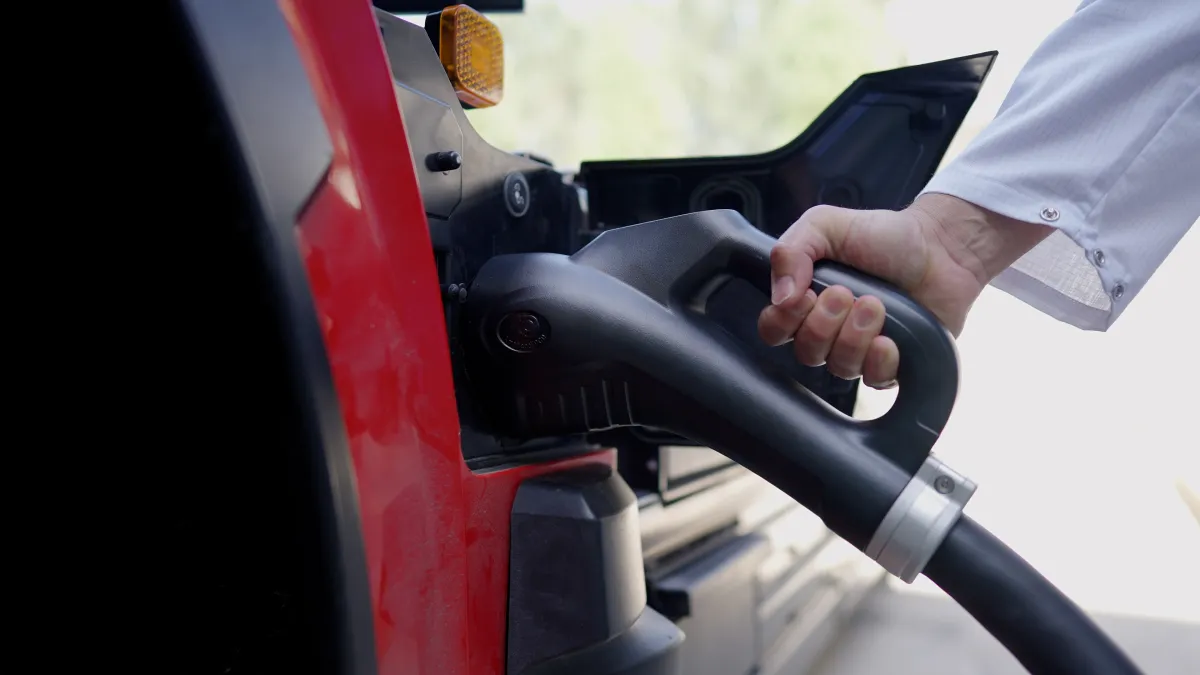 A person connecting an MCS to an MAN e-truck during the test week at ABB E-mobility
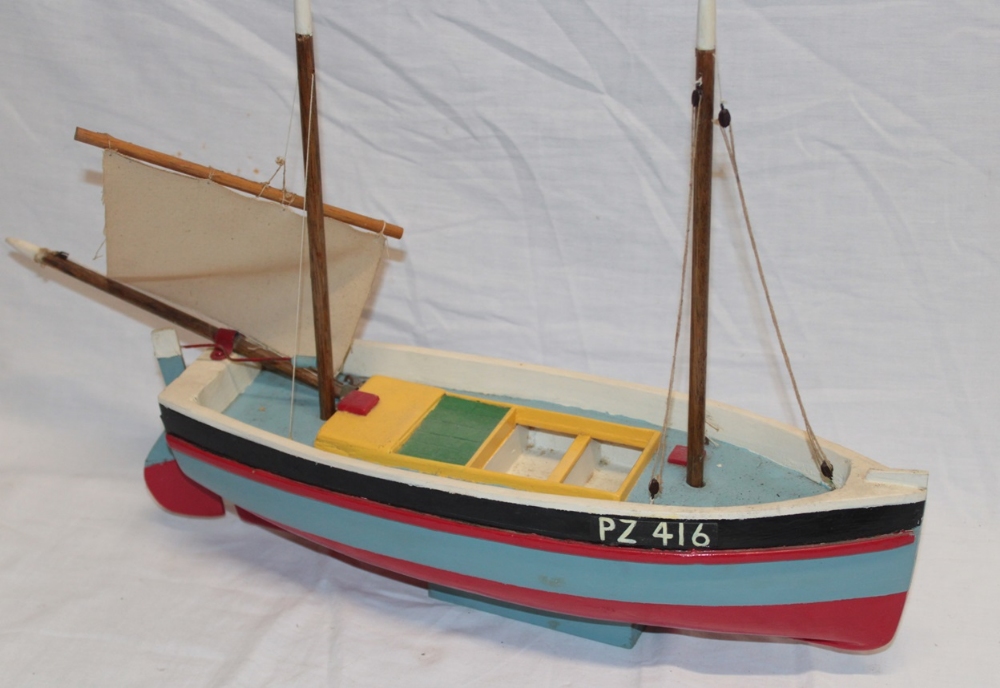 A hand crafted and painted model of a Cornish fishing boat "Guide Me Penzance",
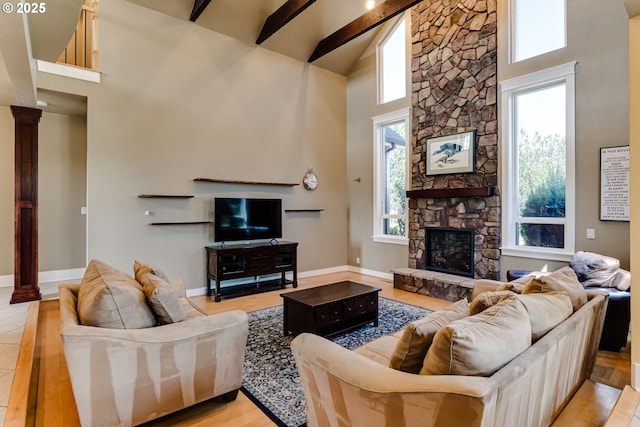 83500 Enterprise Rd, Creswell, OR 97426 - living room featuring high vaulted ceiling, beamed ceiling, healthy amount of natural light, a stone fireplace, and decorative columns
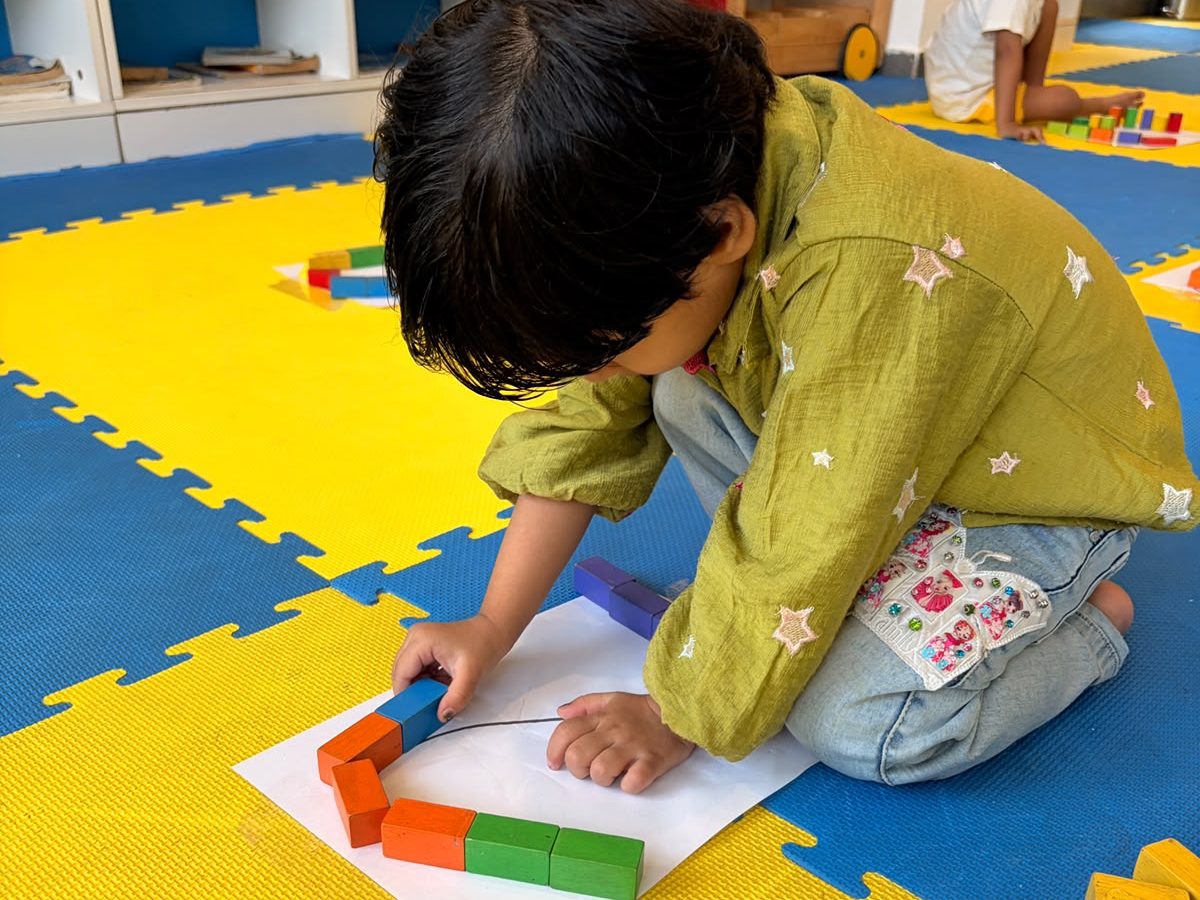 A child arranging coloured blocks on a sheet of paper on the play mats at EarlyOn.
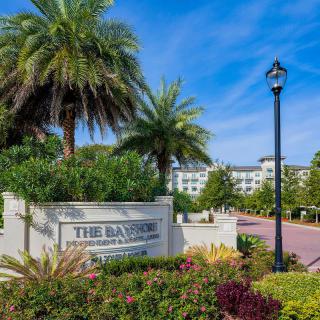 A well-landscaped residential area with palm trees and a sign displaying 'The Saxony.'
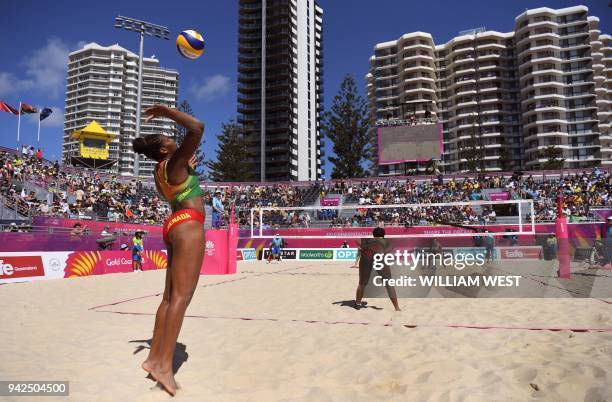 Renisha Stafford of Grenada serves as she and Thornia Williams of Grenada play against Scotland's Melissa Coutts and Lynne Beattie in their...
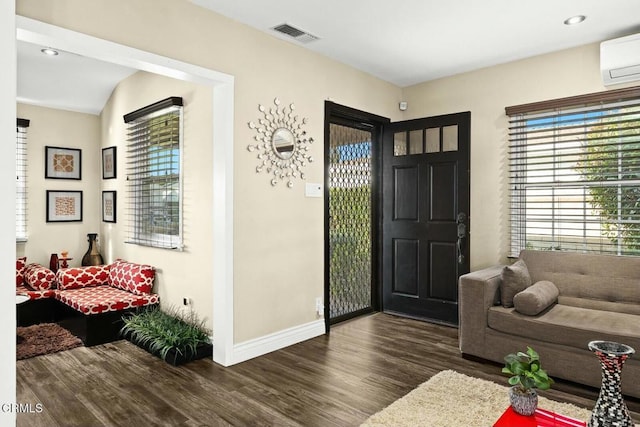 foyer with dark hardwood / wood-style floors and a wall unit AC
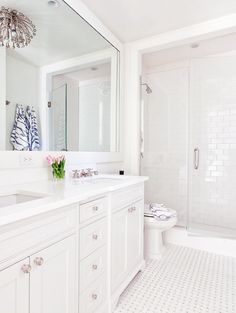 a white bathroom with a large mirror above the bathtub and shower area, along with two sinks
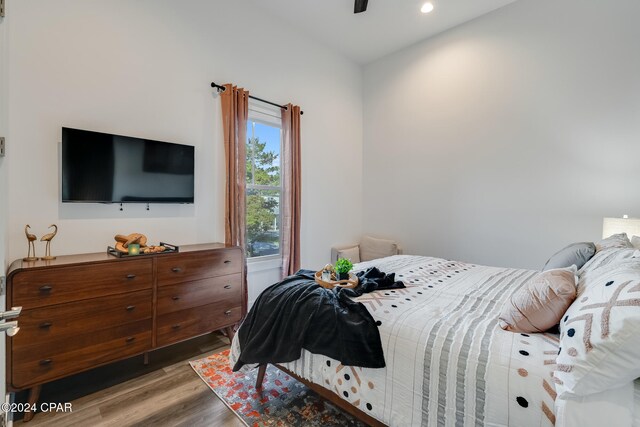 bedroom with hardwood / wood-style floors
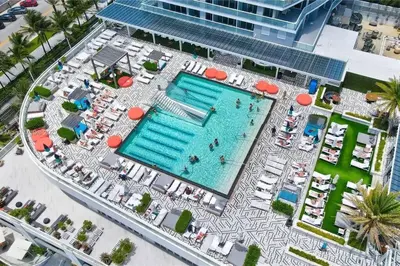 an overhead view of a pool at a resort at W FT LAUDERDALE RESIDENCES BY IMD MIAMI Stunning 2BR/2BA Unit in Fort Lauderdale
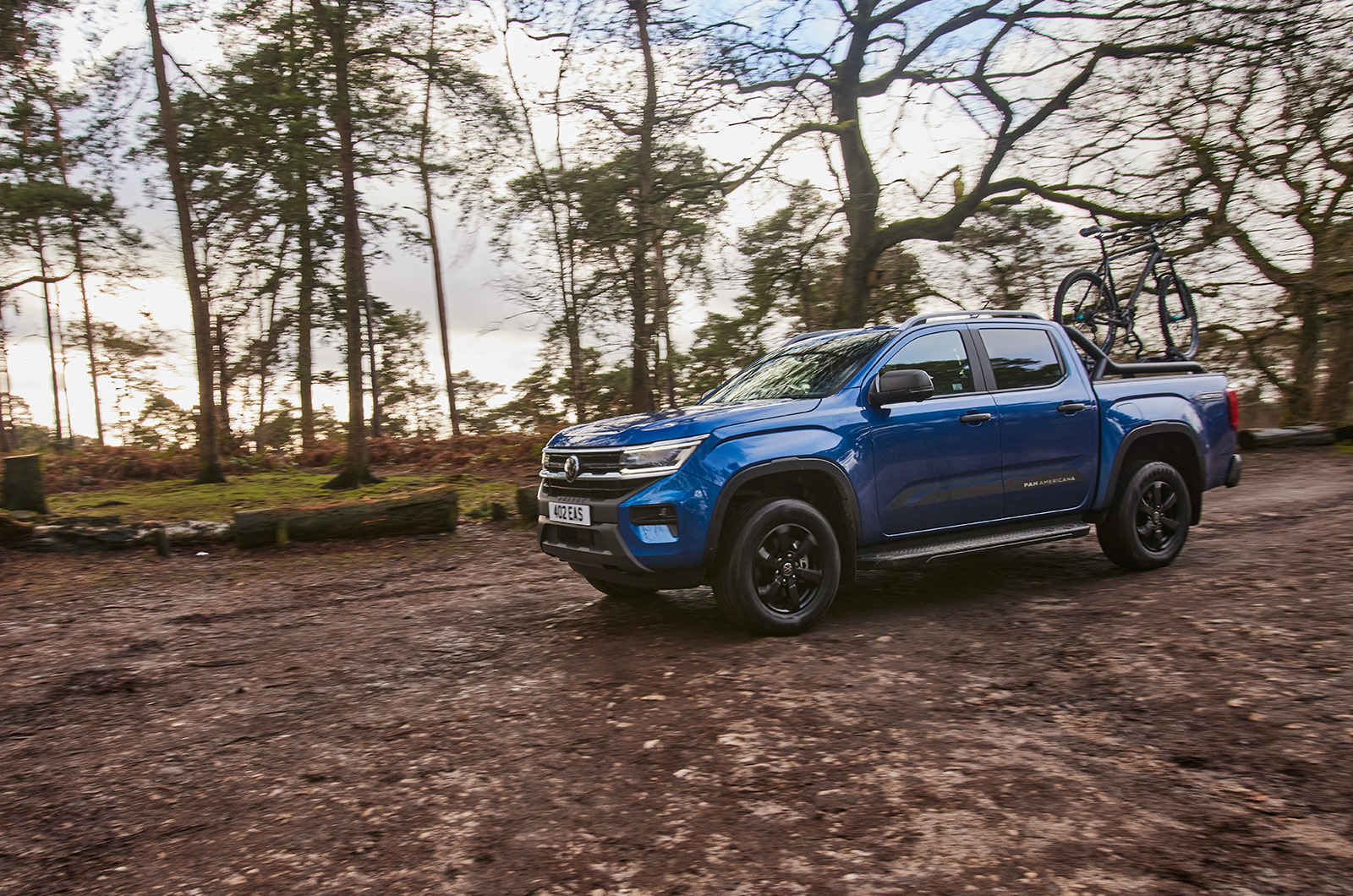A blue Volkswagen Amarok pick-up drives on muddy terrain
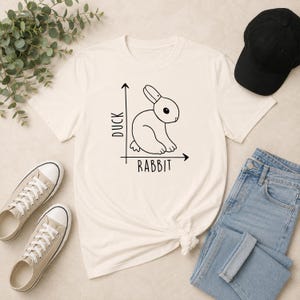 Może przedstawiać: Kremowy t-shirt z krótkim rękawem z czarnym rysunkiem liniowym królika umieszczonym na wykresie. Oś pionowa jest oznaczona jako DUCK, a oś pozioma jako RABBIT. Wzór znajduje się na środku przedniej części koszulki.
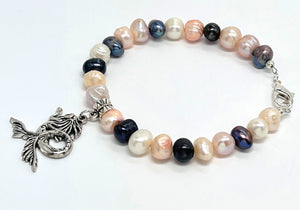 Multicolor fresh water pearls adorned with silver plated mermaid charm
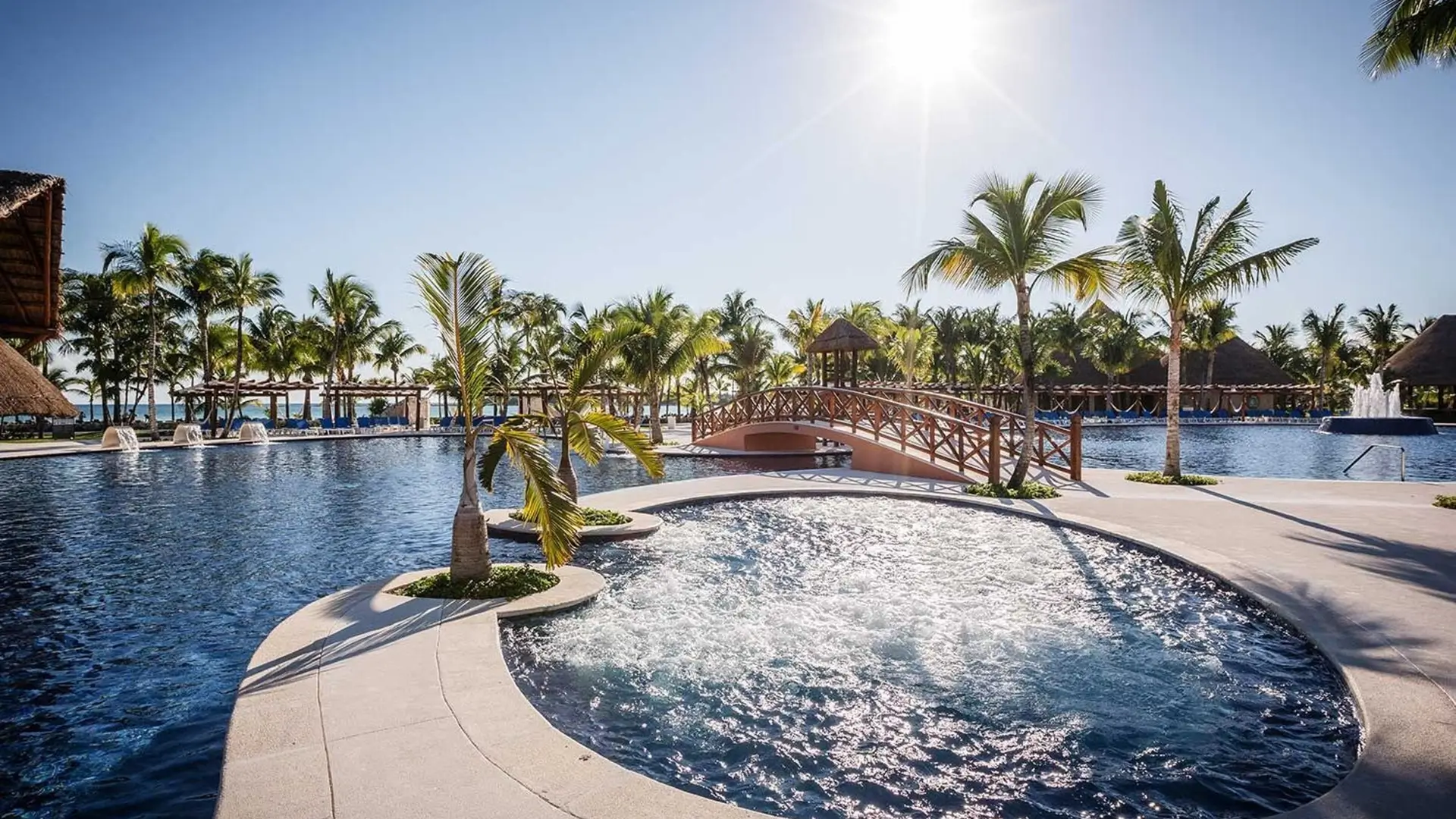 Resort pool with bridge and palm trees.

• • • • •

▶ DIRECTIONS FOR THIS TASK
Hand back all the entries exactly, leaving out the pictures.

▶ SOLVED EXERCISE
 A person connecting an MCS to an MAN e-truck during the test week at ABB E-mobility
 A hand crafted and painted model of a Cornish fishing boat "Guide Me Penzance",
 83500 Enterprise Rd, Creswell, OR 97426 - living room featuring high vaulted ceiling, beamed ceiling, healthy amount of natural light, a stone fireplace, and decorative columns
 A child arranging coloured blocks on a sheet of paper on the play mats at EarlyOn.
 A well-landscaped residential area with palm trees and a sign displaying 'The Saxony.'
 Renisha Stafford of Grenada serves as she and Thornia Williams of Grenada play against Scotland's Melissa Coutts and Lynne Beattie in their...
 foyer with dark hardwood / wood-style floors and a wall unit AC
 a white bathroom with a large mirror above the bathtub and shower area, along with two sinks
 bedroom with hardwood / wood-style floors
 an overhead view of a pool at a resort at W FT LAUDERDALE RESIDENCES BY IMD MIAMI Stunning 2BR/2BA Unit in Fort Lauderdale
A blue Volkswagen Amarok pick-up drives on muddy terrain
 Może przedstawiać: Kremowy t-shirt z krótkim rękawem z czarnym rysunkiem liniowym królika umieszczonym na wykresie. Oś pionowa jest oznaczona jako DUCK, a oś pozioma jako RABBIT. Wzór znajduje się na środku przedniej części koszulki.
 Multicolor fresh water pearls adorned with silver plated mermaid charm
 Resort pool with bridge and palm trees.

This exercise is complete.